How many vice presidents and assistant secretaries have you appointed? the lawyer asked.
“I don’t know that number,” Mr. Hultman replied.
“I wouldn’t even be able to tell you, right now.”
In the thousands?
Each of those deputies could file loan transfers and foreclosures in MERS’s name. The goal, as with almost everything about the mortgage business at that time, was speed. Speed meant money.
ALAN GRAYSON has seen MERS’s record-keeping up close. From 2009 until this year, he served as the United States representative for Florida’s Eighth Congressional District — in the Orlando area, which was ravaged by foreclosures. Thousands of constituents poured through his office, hoping to fend off foreclosures. Almost all had papers bearing the MERS name.
“In many foreclosures, the MERS paperwork was squirrelly,” Mr. Grayson said. With no real legal authority, he says, Fannie and the banks eliminated the old system and replaced it with a privatized one that was unreliable.
A spokeswoman for MERS declined interview requests. In an e-mail, she noted that several state courts have ruled in MERS’s favor of late. She expressed confidence that MERS’s policies complied with state laws, even if MERS’s members occasionally strayed.
“At times, some MERS members have failed to follow those procedures and/or established state foreclosure rules,” the spokeswoman, Karmela Lejarde, wrote, “or to properly explain MERS and document MERS relationships in legal pleadings.”

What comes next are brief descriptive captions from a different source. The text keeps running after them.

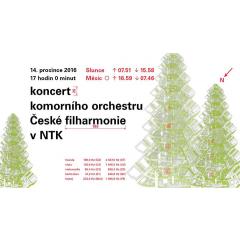 Koncert Komorního orchestru České filharmonie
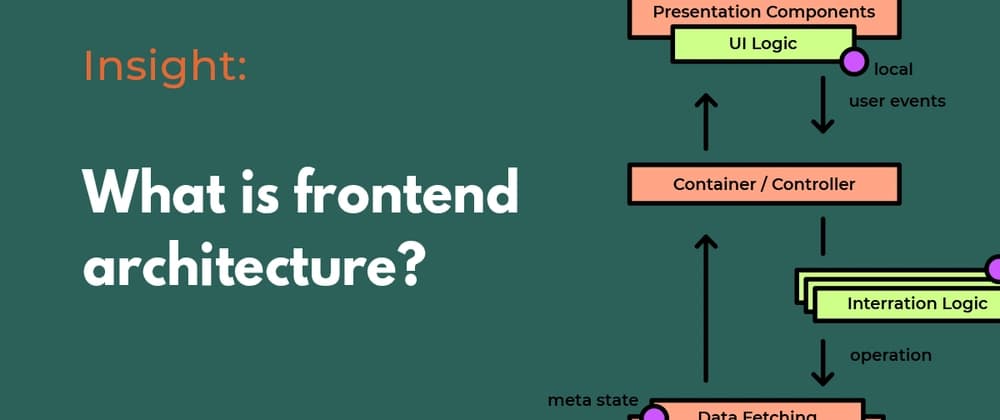Frontend Architecture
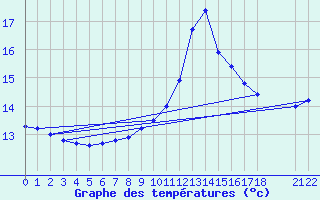 Courbe de tempratures pour Jaunay-Clan / Futuroscope (86)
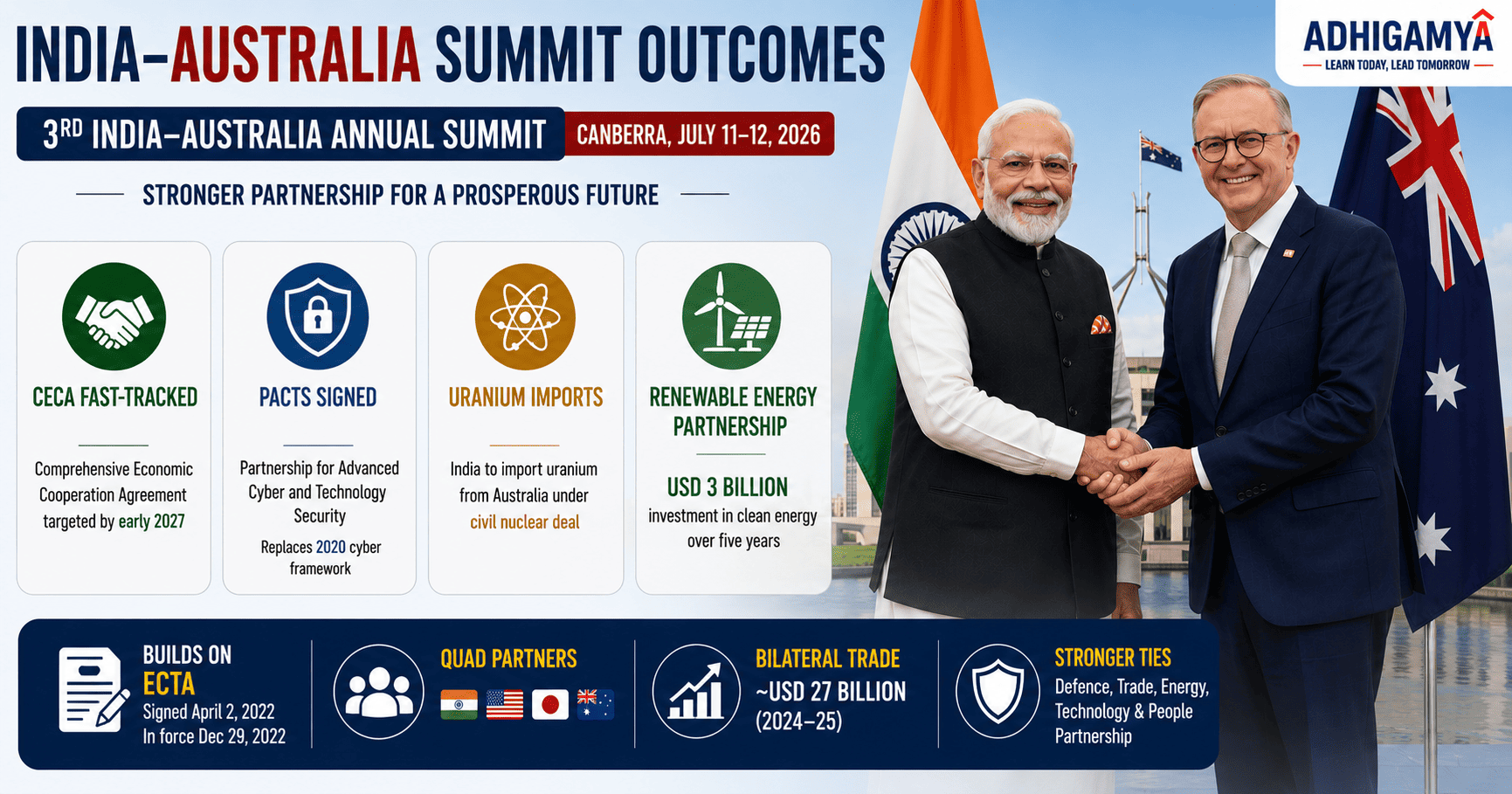 India and Australia Fast-Track Comprehensive Economic Cooperation Agreement as PM Modi Concludes Canberra Visit with New Defence Pact PACTS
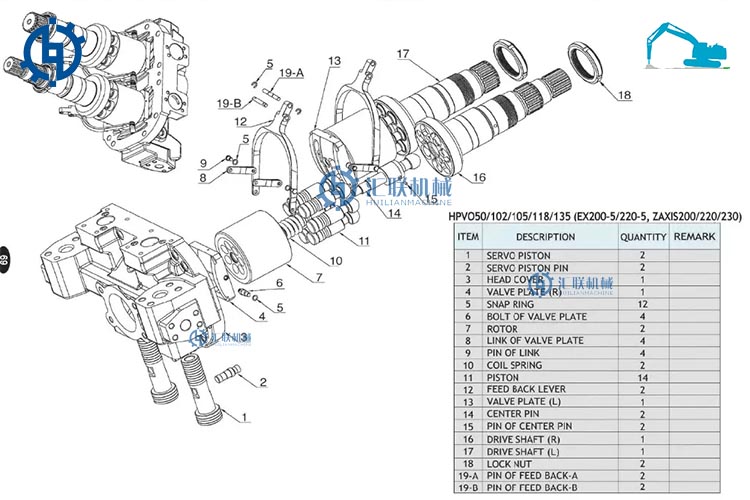 HPVO118HW Hydraulic Pump Parts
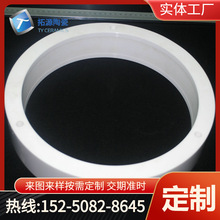 ������մɭh�ܷ�Ȧ�͸ߜ�����մɭh�մɶ�λ�h�ǘ˽^���մ�Ԫ��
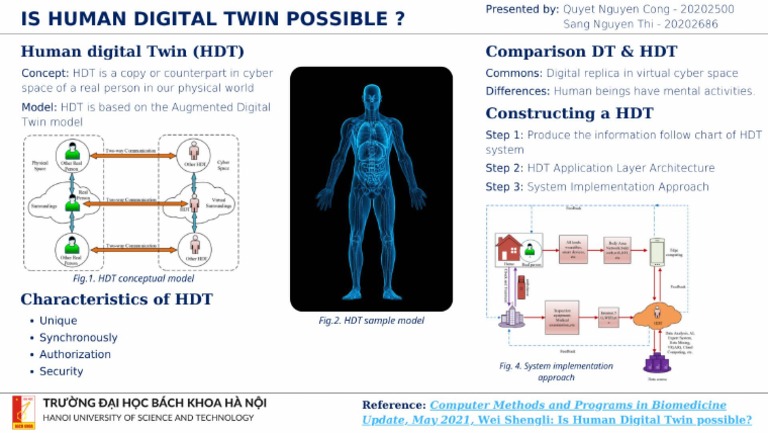 Human Digital Twin | PDF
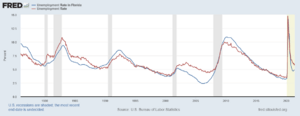 Florida vs US Unemployment 1976-2021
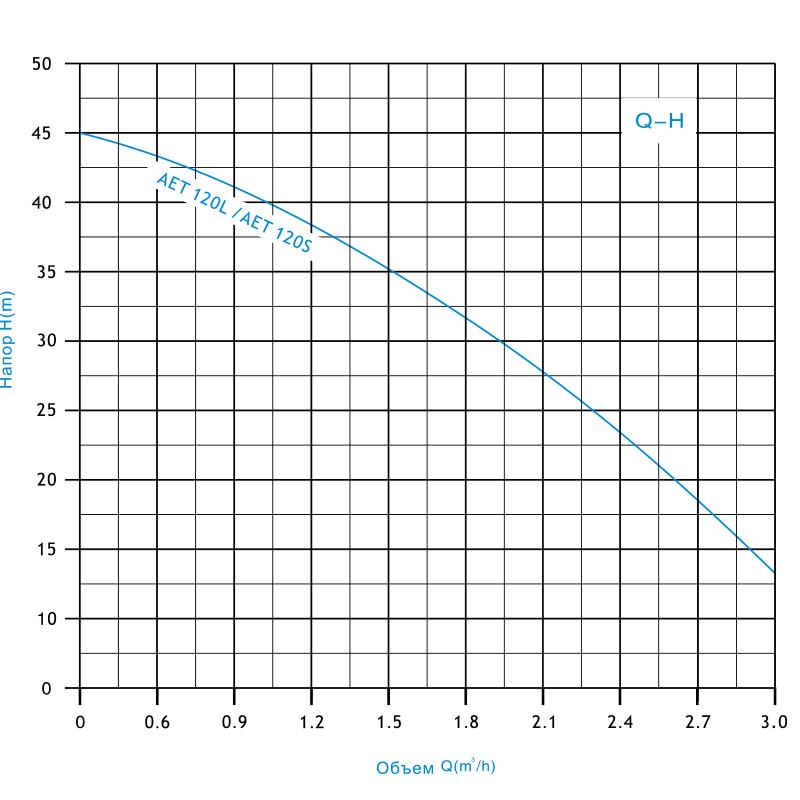 Насос Zegor поверхневий AET-120L 1,1 кВт H45 м Q3,3м³/г відцентровий - фото 3 Насос Zegor поверхневий AET-120L 1,1 кВт H45 м Q3,3м³/г відцентровий - фото 3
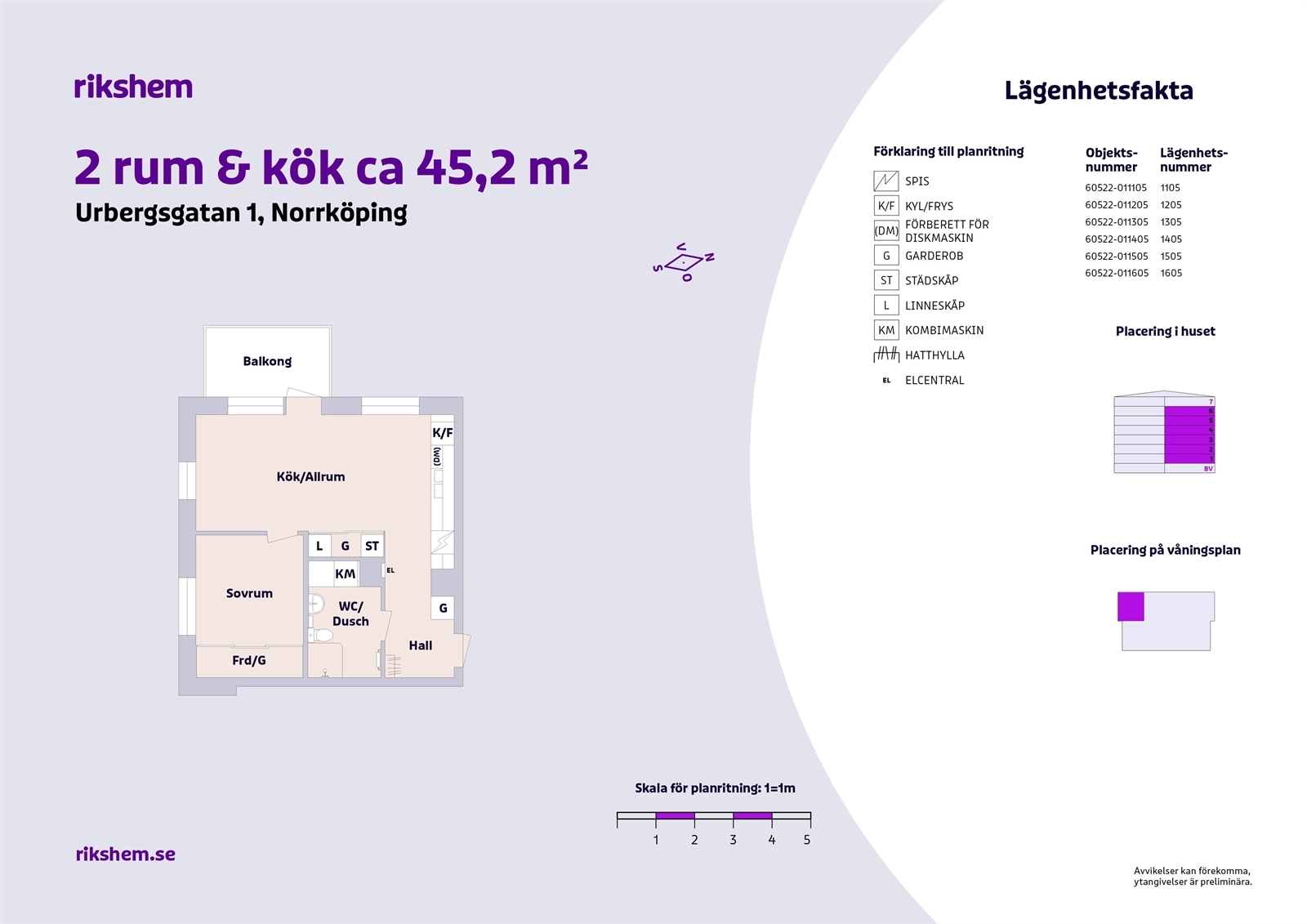 Hyreslägenhet på Urbergsgatan 1 i Norrköping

Such cases, she said, “are outliers, reflecting case-specific problems in process, and did not repudiate the MERS business model.”
"We would never rely on it to find ownership.”
MERS’s legal troubles, however, aren’t going away. In August, the Ohio secretary of state referred to federal prosecutors in Cleveland accusations that notaries deputized by MERS were signing hundreds of documents without any personal knowledge of them. The attorney general of Massachusetts is examining a complaint by a county registrar that MERS owes the state tens of millions of dollars in unpaid fees.
As far back as 2001, Ed Romaine, the clerk for Suffolk County, on eastern Long Island, refused to register mortgages in MERS’s name, partly because of complaints that the company’s records didn’t square with public ones. The state Court of Appeals later ruled that he had overstepped his powers.